Exercise
Without the pictures, write the listing below out again, line for line.

Provided material
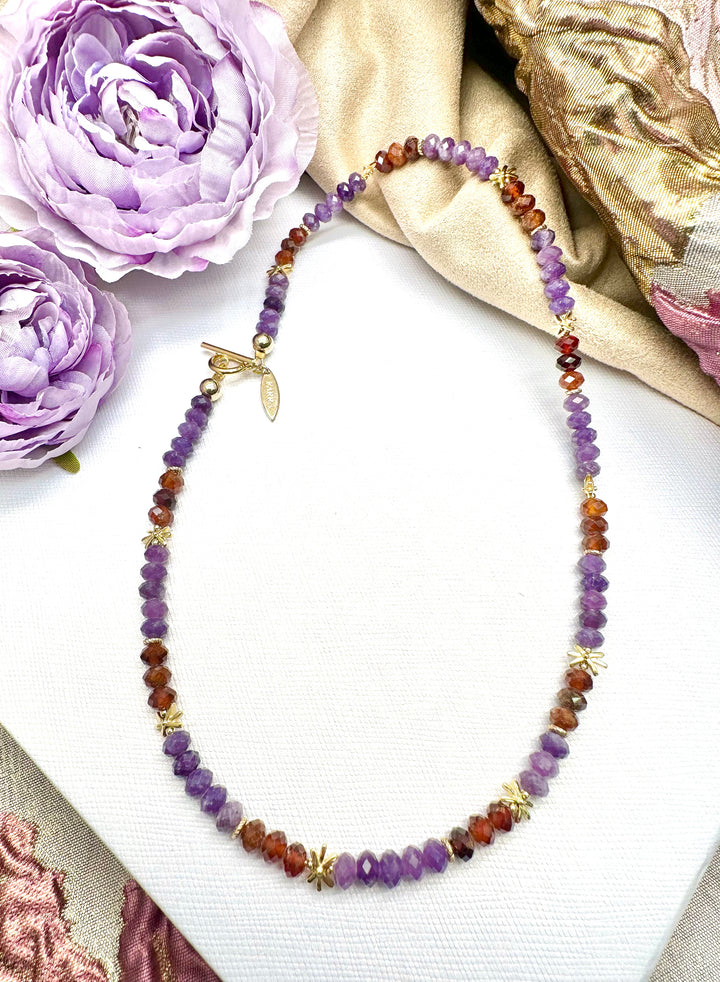 Amethyst With Orange Garnet Choker Necklace KN040 - FARRA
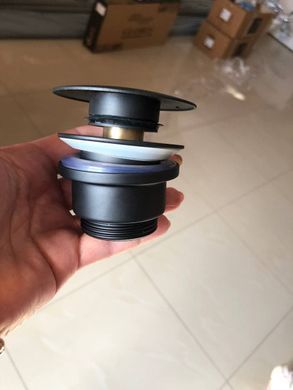 Донний клапан Чорний TOPAZ TK-15A-BL без переливу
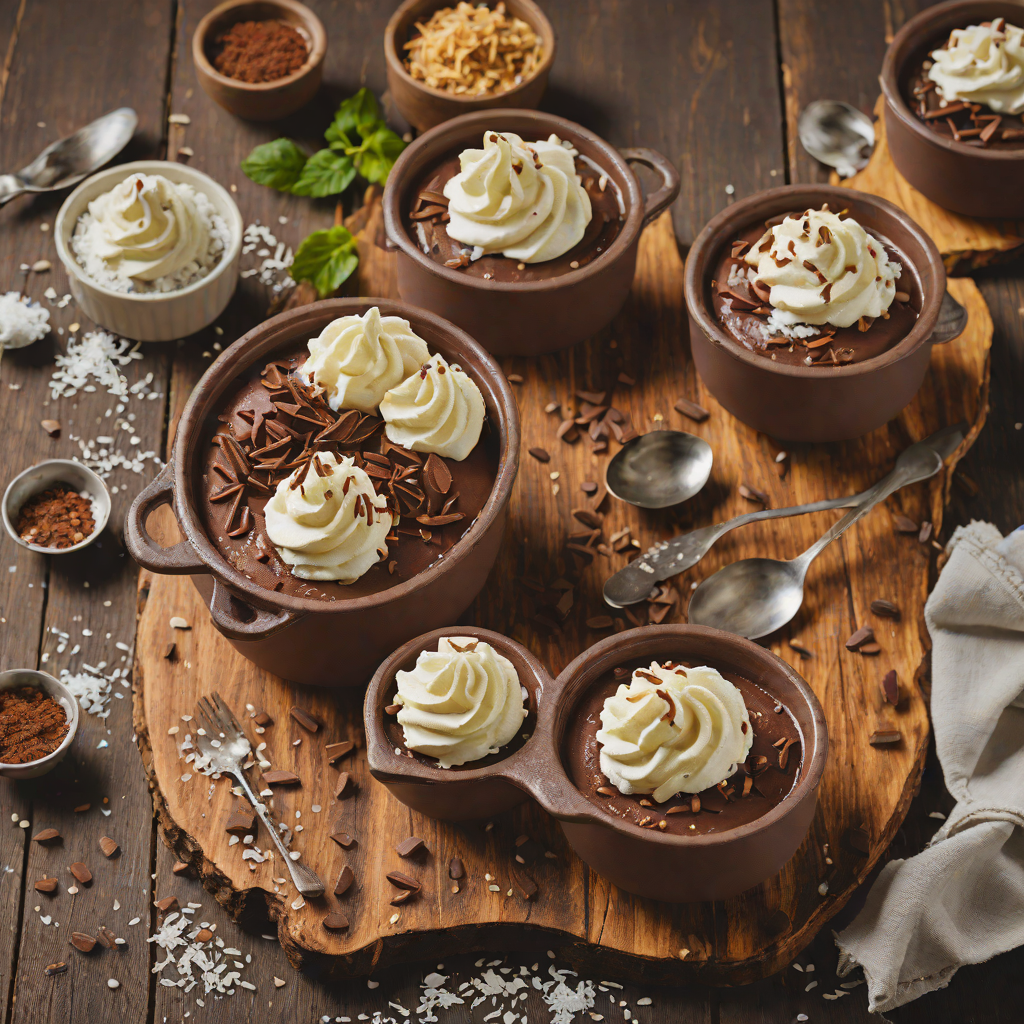 Baked Chocolate Pots with Sea Salt and Whipped Cream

Output below
 Amethyst With Orange Garnet Choker Necklace KN040 - FARRA
 Донний клапан Чорний TOPAZ TK-15A-BL без переливу
 Baked Chocolate Pots with Sea Salt and Whipped Cream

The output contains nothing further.